### Problem details
For this exercise, output the entries below exactly from the line that holds "Beautiful In With Wifi Terrasson-Lavilledieu" to the line that holds "Jose Rangel Arrest Mugshot", both ends included. No pictures belong in the copy.

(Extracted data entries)
:::

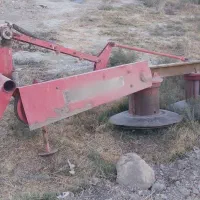 تراکتور ۳۹۹|خودرو سنگین|مرودشت, رامجرد یک|دیوار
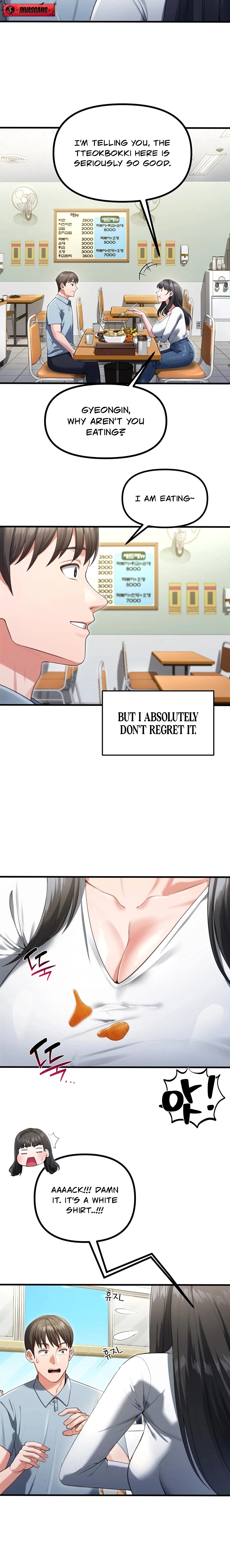 Read NTR Solology chapter 6 image 5 on Lezhin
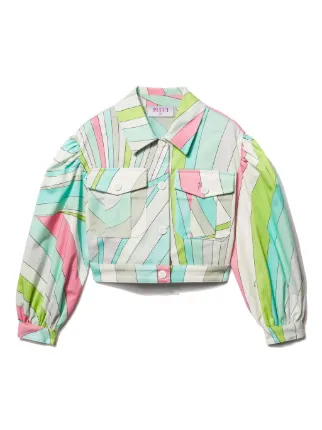 PUCCI Junior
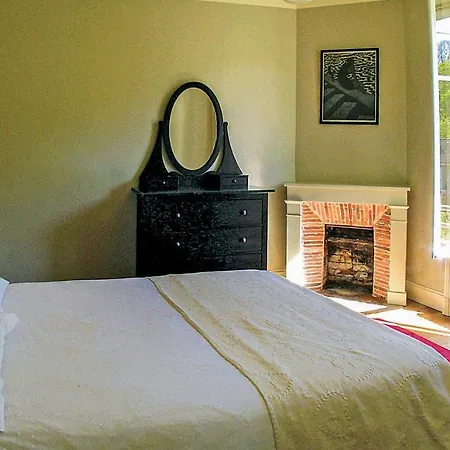 Beautiful In With Wifi Terrasson-Lavilledieu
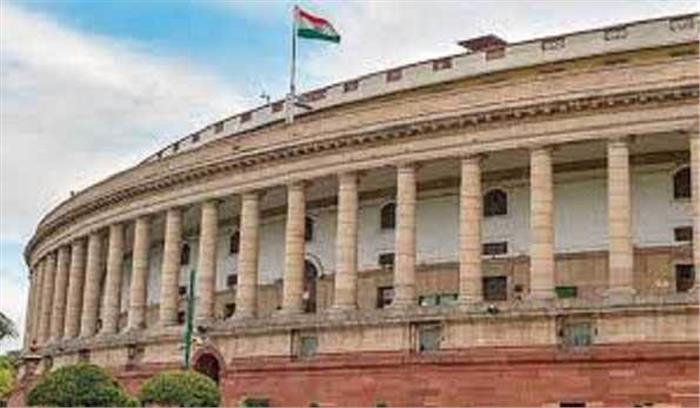 नागरिकता विधेयक पर सत्ता पक्ष और विपक्ष के बीच तीखी तकरार की संभावना नागरिकता विधेयक पर सत्ता पक्ष और विपक्ष के बीच तीखी तकरार की संभावना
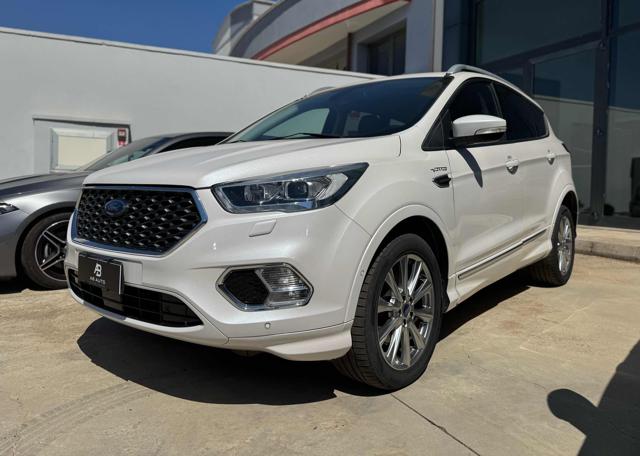 FORD Kuga usata, con ABS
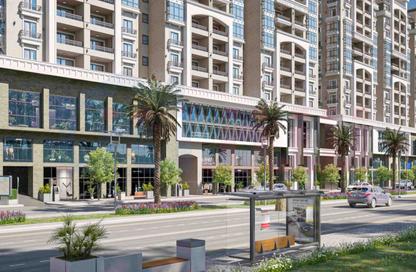 Apartment - 4 Bedrooms - 2 Bathrooms for sale in Sawary - Alexandria Compounds - Alexandria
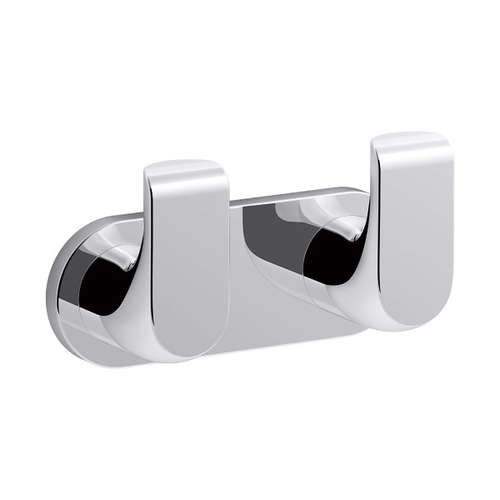 Móc treo đôi Kohler Avid K-97500T-CP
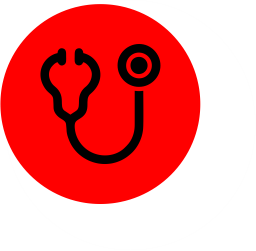 Stethoscope icon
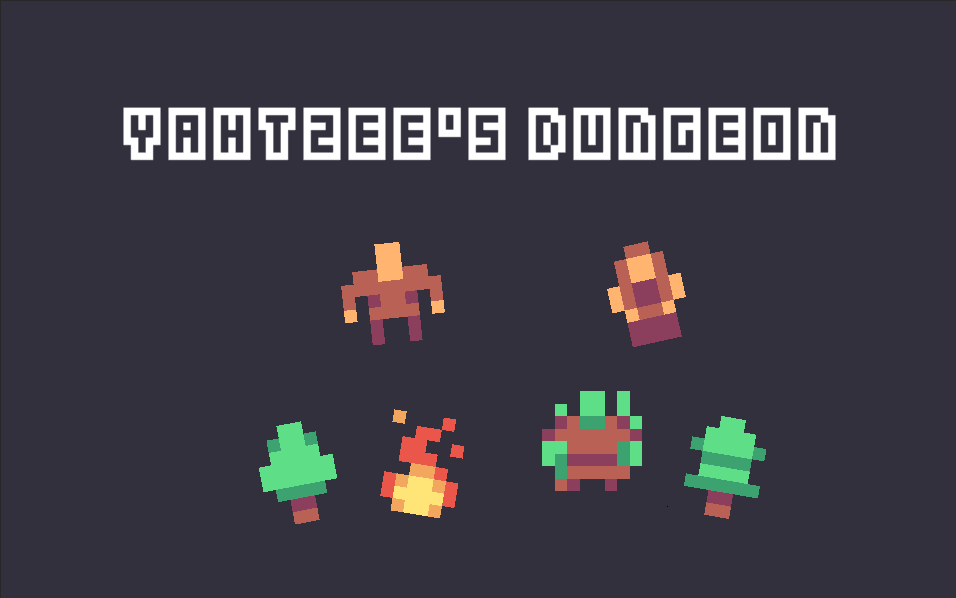 Games like Yahtzee's Dungeon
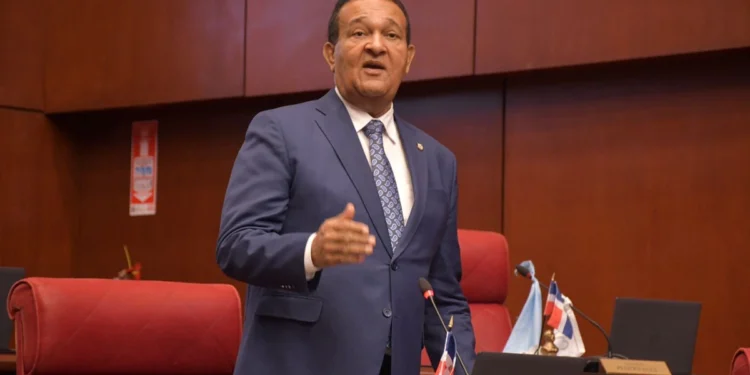 Antonio Marte: “El problema para el PRM es que el pueblo está en Omar”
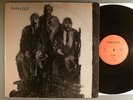 Pascal Comelade  Parelelo    Rare Private Electronic Prog   French Press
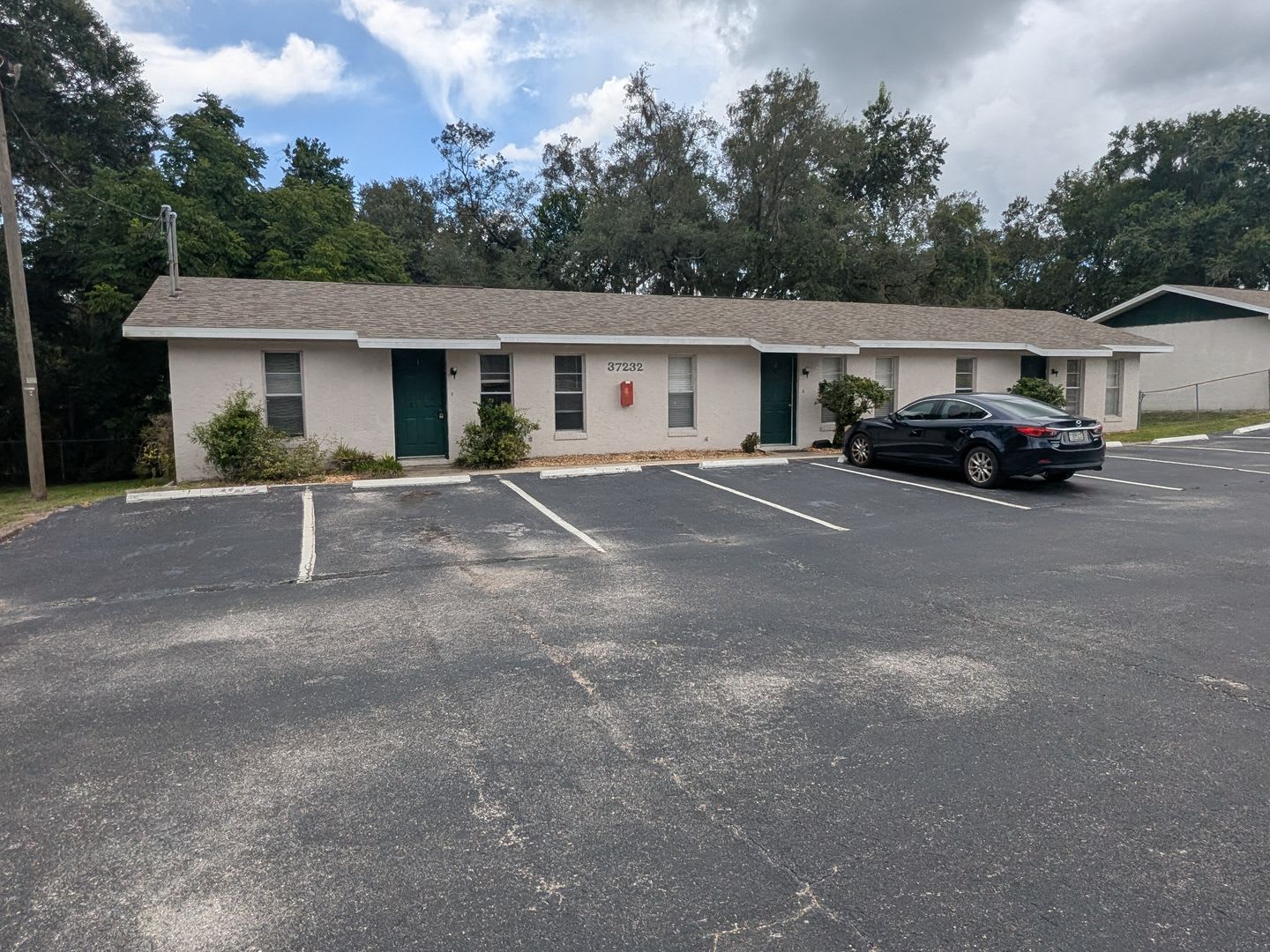 1 bed/1 bath $1,000/month in Dade City! – photo 3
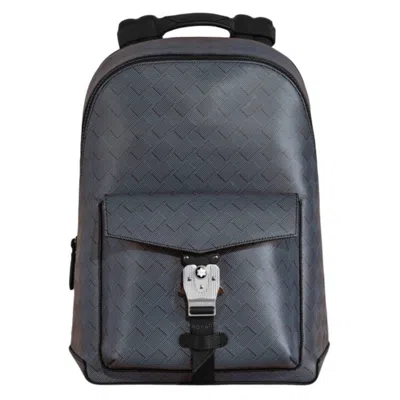 Montblanc Extreme 3.0 Backpack With M Lock 4810 Buckle In Grey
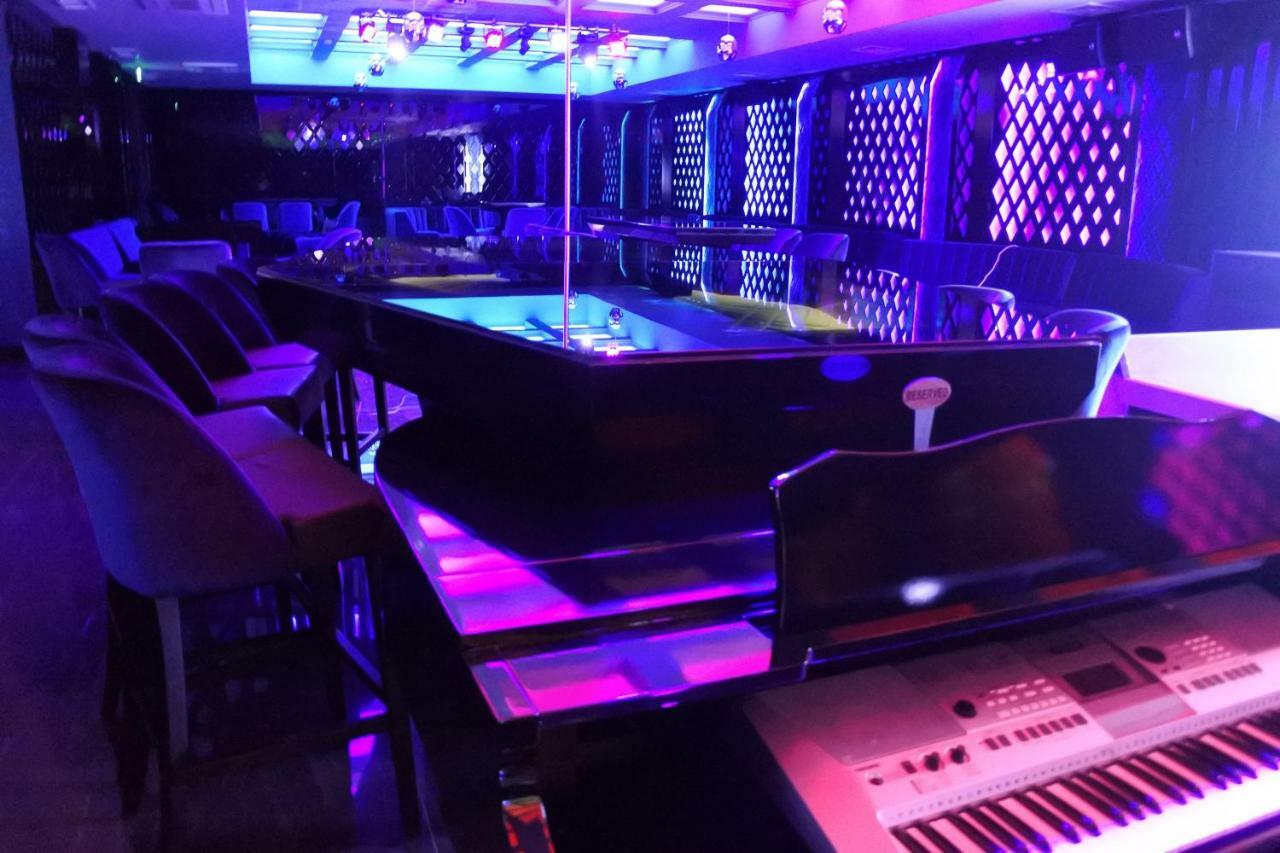 Merit Grand Mosta Spa Hotel & Casino Свиленград Экстерьер фото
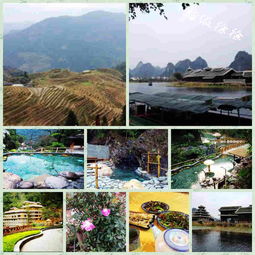 12月份去桂林旅游冷吗（十二月份去桂林穿什么衣服合适）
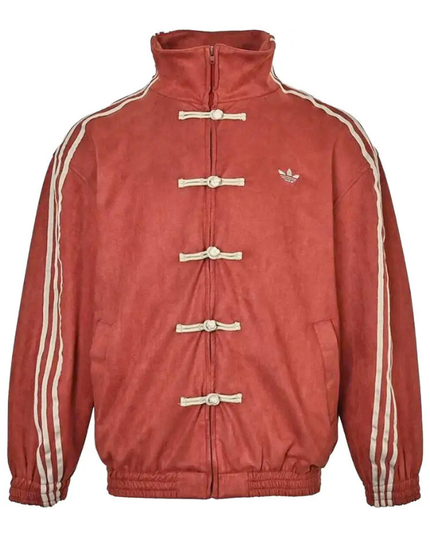 Adidas Chinese New Year Jacket Sofit Red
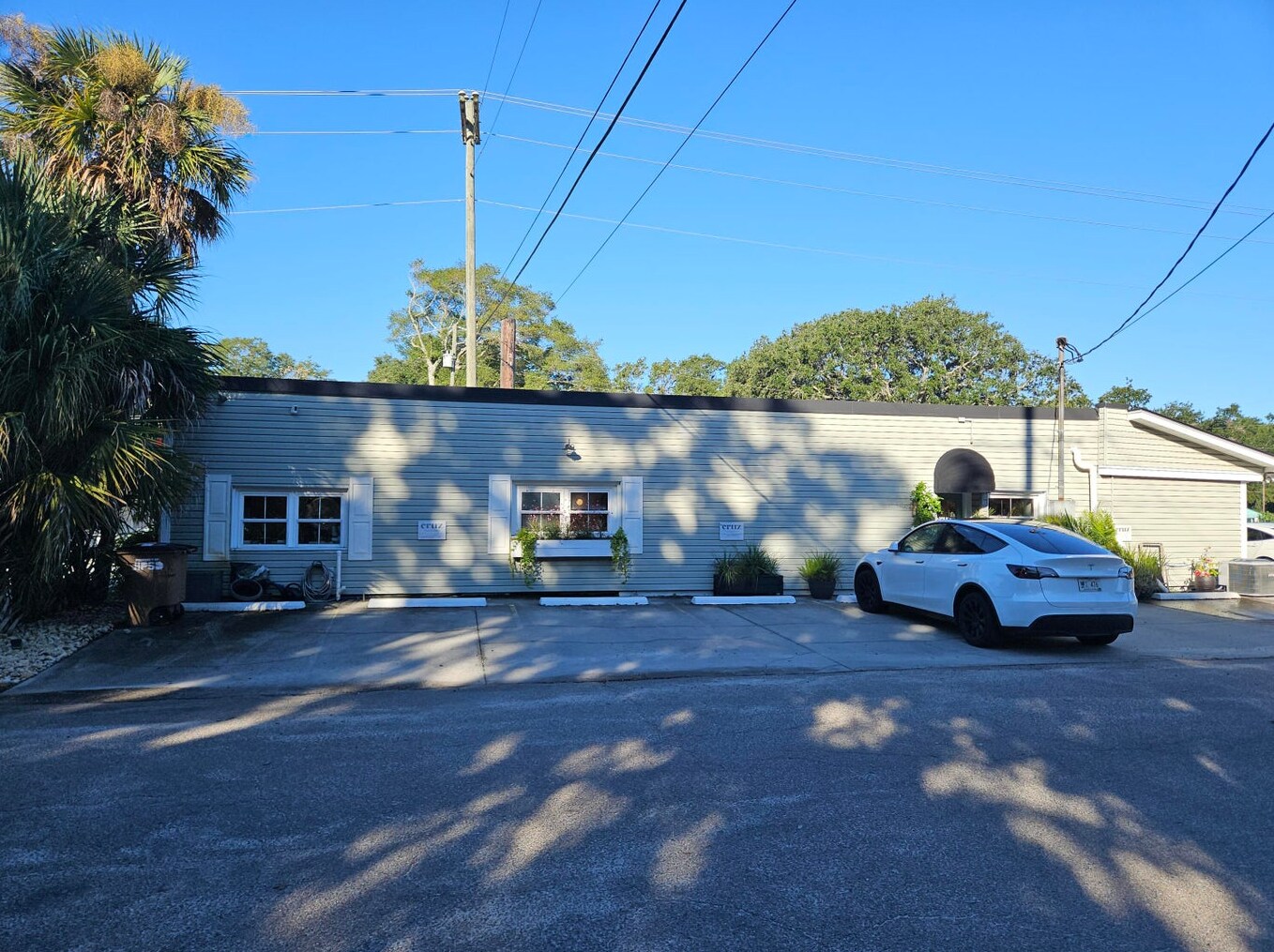 828 Folly Rd, Charleston, SC à vendre Photo principale– Image 1 sur 5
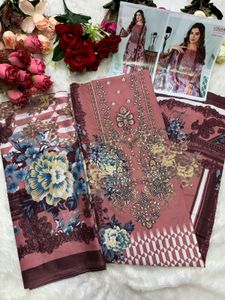 Beutiful Dress Material
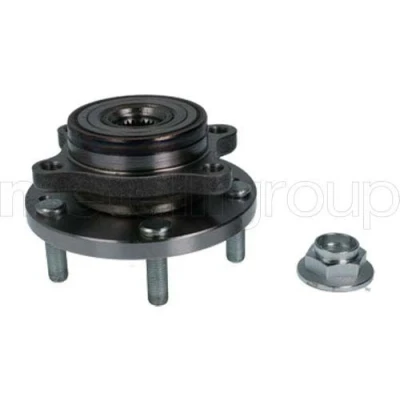 Imagem de METELLI 19 8167 Kit de rolamento roda KIA: cee‘d II Sportswagon, HYUNDAI: i30 Carrinha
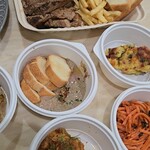 DELI de goo - 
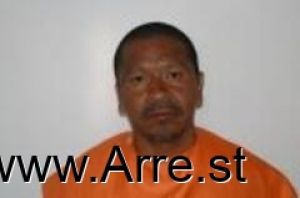 Jose Rangel Arrest Mugshot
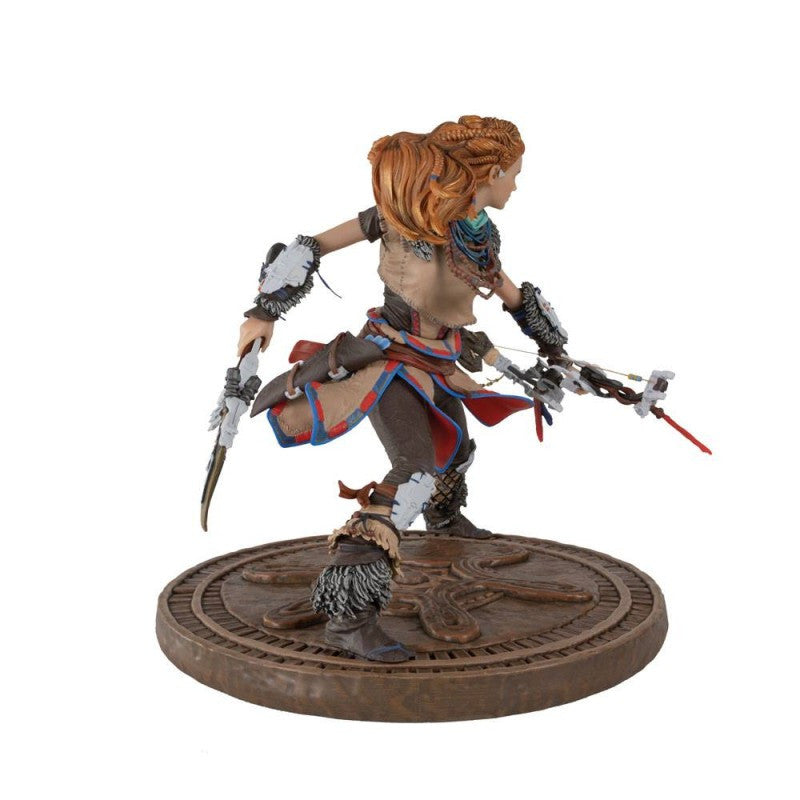 Horizon Forbidden West Aloy PVC Figure - (21cm)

:::

### Task output
 Beautiful In With Wifi Terrasson-Lavilledieu
 नागरिकता विधेयक पर सत्ता पक्ष और विपक्ष के बीच तीखी तकरार की संभावना नागरिकता विधेयक पर सत्ता पक्ष और विपक्ष के बीच तीखी तकरार की संभावना
 FORD Kuga usata, con ABS
 Apartment - 4 Bedrooms - 2 Bathrooms for sale in Sawary - Alexandria Compounds - Alexandria
 Móc treo đôi Kohler Avid K-97500T-CP
 Stethoscope icon
 Games like Yahtzee's Dungeon
 Antonio Marte: “El problema para el PRM es que el pueblo está en Omar”
 Pascal Comelade  Parelelo    Rare Private Electronic Prog   French Press
 1 bed/1 bath $1,000/month in Dade City! – photo 3
 Montblanc Extreme 3.0 Backpack With M Lock 4810 Buckle In Grey
 Merit Grand Mosta Spa Hotel & Casino Свиленград Экстерьер фото
 12月份去桂林旅游冷吗（十二月份去桂林穿什么衣服合适）
 Adidas Chinese New Year Jacket Sofit Red
 828 Folly Rd, Charleston, SC à vendre Photo principale– Image 1 sur 5
 Beutiful Dress Material
 Imagem de METELLI 19 8167 Kit de rolamento roda KIA: cee‘d II Sportswagon, HYUNDAI: i30 Carrinha
 DELI de goo - 
 Jose Rangel Arrest Mugshot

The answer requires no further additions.